Im zweiten der vier Teile des Abends geht es um eine der Mehrheit des Publikums vermutlich viel vertrautere Situation: um die Arbeitswelt im Allgemeinen und die Bewerbungssituation im Besonderen. Die Unterwürfigkeit der Bewerberin, ihr Insistieren auf dem freien Montag, an dem sie mit den Hunden durch romantische Landschaften spazieren gehen möchte, mündet in einer selbstironischen feministischen Befreiungsszene und einem etwas absurden Ende, an dem die Zustimmung der Frauen zum Konzept des Arbeitgebers mit Schokoriegeln, die „Frauen glücklich machen“, zu erkaufen versucht wird. Die etwas längliche Szene läuft irgendwann ins Leere - und bei aller Liebe: die Frage im Bewerbungsgespräch nach geplanten Schwangerschaften, rechtlich längst verboten, gehört doch schon seit vielen Jahrzehnten auf den Müllhaufen der Geschichte und dürfte dem Recruitment Officer allenfalls noch in unbedarften Kleinstbetrieben unterlaufen.

Das Problem der Szenen vom Arbeitsmarkt ist dennoch ihre allzu große Realitätsnähe und der daraus resultierende Mangel an kabarettistischem Witz und Wut.

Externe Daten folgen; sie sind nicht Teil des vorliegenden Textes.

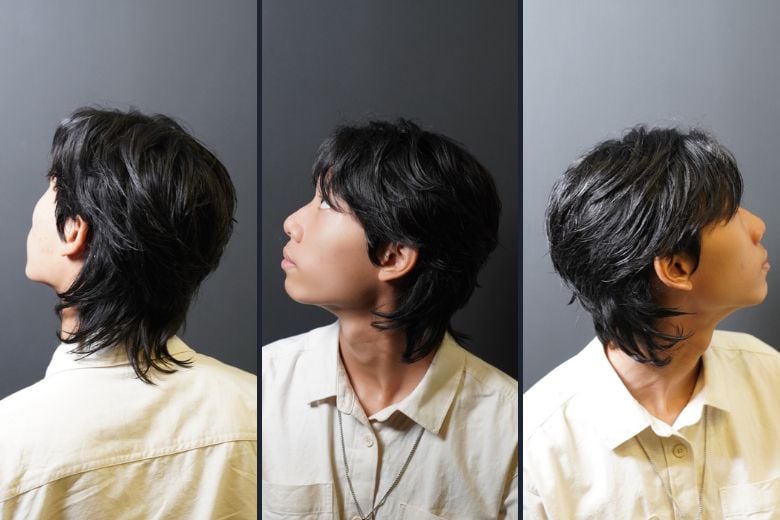 Wolfcut xuất phát từ sự pha trộn giữa hai kiểu tóc nổi tiếng là Mullet và Shag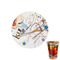 Kandinsky Composition 8 Drink Topper - XSmall - Single with Drink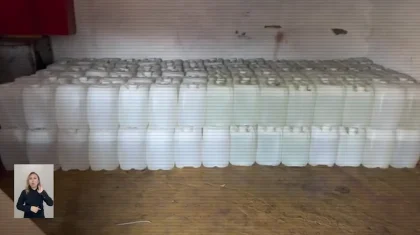 Крупная находка в Астане: обнаружены 200 канистр с химикатами для наркотиков (ВИДЕО)
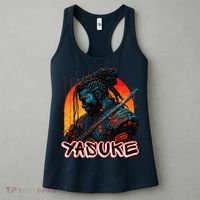 Yasuke African Samurai Premium Women's Tank Top thumb 3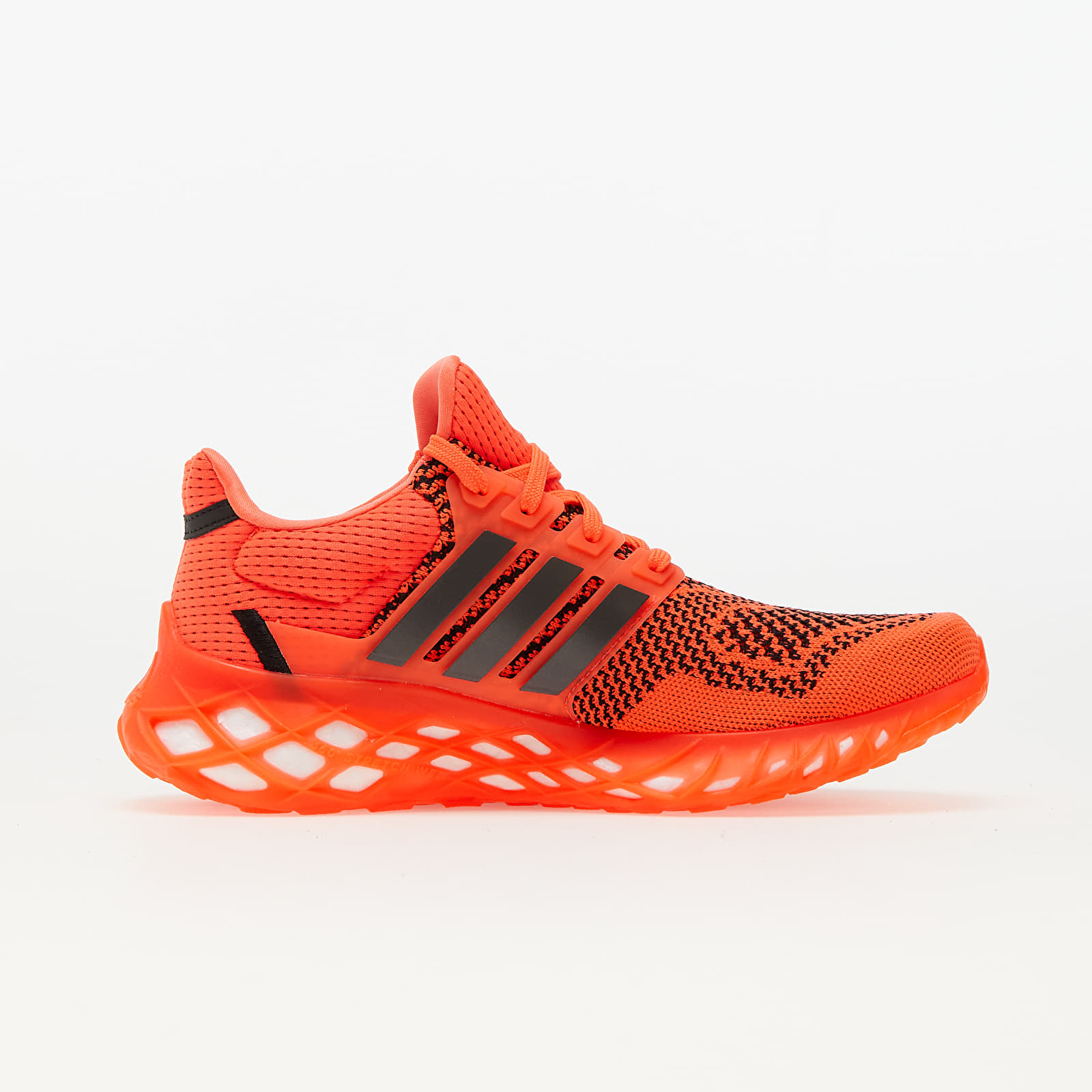 Men s shoes adidas UltraBOOST Web DNA Solar Red Night Metallic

Ganz anders kommt das dritte Kapitel daher. Es behandelt eine Kundenbeschwerde. Geschickt gelingt der Spannungsaufbau, bis man begreift, was der Grund für die Empörung ist: In einem Gang des Supermarkts liegt eine Frau, die sich - wohl als Ausdruck feministischen Protests - das Kleid über ihren Kopf gezogen hat. Dass sie ausgerechnet bei den Melonen liegt, soll vielleicht Macho-Phantasien beim männlichen Publikum wecken, doch falls jemand bei der Schilderung irgendwelchen erotischen Gedanken erlegen sein sollte, wird er bald eines Besseren belehrt: Lisa Sophie Kusz sorgt für den schauspielerisch-kabarettistischen Höhepunkt des Abends, wenn sie den Anblick des schwabbeligen Fettbergs, des „zerklüfteten Bergmassivs“ aus weiblichem Fleisch schildert, das sich da in Gang 7 ausbreitet. Kusz steigert sich zu einem gewaltigen Crescendo und Alice Birchs Sprache schwingt sich in einsame Höhen der Beschreibung unappetitlicher Leiber auf. Doch wir sind in einem feministischen Stück und nicht in einer Polemik gegen Bulimie und Fresssucht. Unter dem Druck der Schönheitserwartungen gedeihen Depressionen mit autoaggressiven Selbstverletzungen.

Aus der Szene in Gang 7 findet die Inszenierung den Weg zurück zur Auftaktsequenz. „Leg dich hin und werde verfügbar!“, rufen die vier Darstellerinnen im Chor. Und setzen der vermeintlichen patriarchalischen Erwartung der permanenten Verfügbarkeit des weiblichen Körpers eine Ermutigung für alle noch unterordnungsbereiten Frauen entgegen: „Dein Körper ist unbezwingbar!“ - Das wissen die Verständigen aber. Insofern sagt uns das feministische Manifest mit seinem Aufruf zur Gendergerechtigkeit nicht allzu viel Neues. Dennoch bringen die tollen Darstellerinnen Birchs Text über Rollenbilder, Übergriffigkeiten und Revolten in der Sexualität, auf dem Arbeitsmarkt und im Alltagsleben mit ihrer Wut und ihrem Witz, ihrer Aggressivität und ihrer Selbstironie überzeugend auf die Bühne - kraftvoll, aber nicht mit der Verbissenheit mancher #MeToo-Debatte.